Ein angehende Erzieherin im Ökumenischen Kinderhort der Geschwister-Gummi-Stiftung und Praxisanleiter erzählen.

Eine regelmäßige und intensive Anleitung durch Fachkräfte ist die Basis für die Praktikantinnen und Praktikanten in den Tageseinrichtungen für Schülerinnen und Schüler sowie den Kinderwohngruppen. Ein angehende Erzieherin im Ökumenischen Kinderhort der Geschwister-Gummi-Stiftung verrät, warum sie lernen müssen, authentisch zu sein und die eigene Person zu reflektieren, um die Kinder gut auf ihrem Weg begleiten zu können.

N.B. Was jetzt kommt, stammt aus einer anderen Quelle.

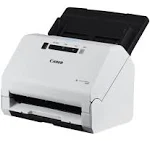 Canon imageFORMULA R40 Office Document Scanner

Fördern, aber nicht überfordern. Unterstützen, aber nicht alles abnehmen. Begleiten, aber nicht verschmelzen. Für Erzieherinnen und Erzieher bleibt es wohl ihr gesamtes Arbeitsleben lang eine Herausforderung, diese Balance zu finden. In diesen Auftrag wachsen auch die Auszubildenden der Geschwister- Gummi-Stiftung hinein – ob im Berufspraktikum im Fachbereich „Familie und Erziehung“, also unter anderem den Kinderwohngruppen, und den Tageseinrichtungen für Schülerinnen und Schüler, oder im Sozialpädagogischen Einführungsjahr SEJ, das in den Horten und Ganztagsschulen absolviert werden kann.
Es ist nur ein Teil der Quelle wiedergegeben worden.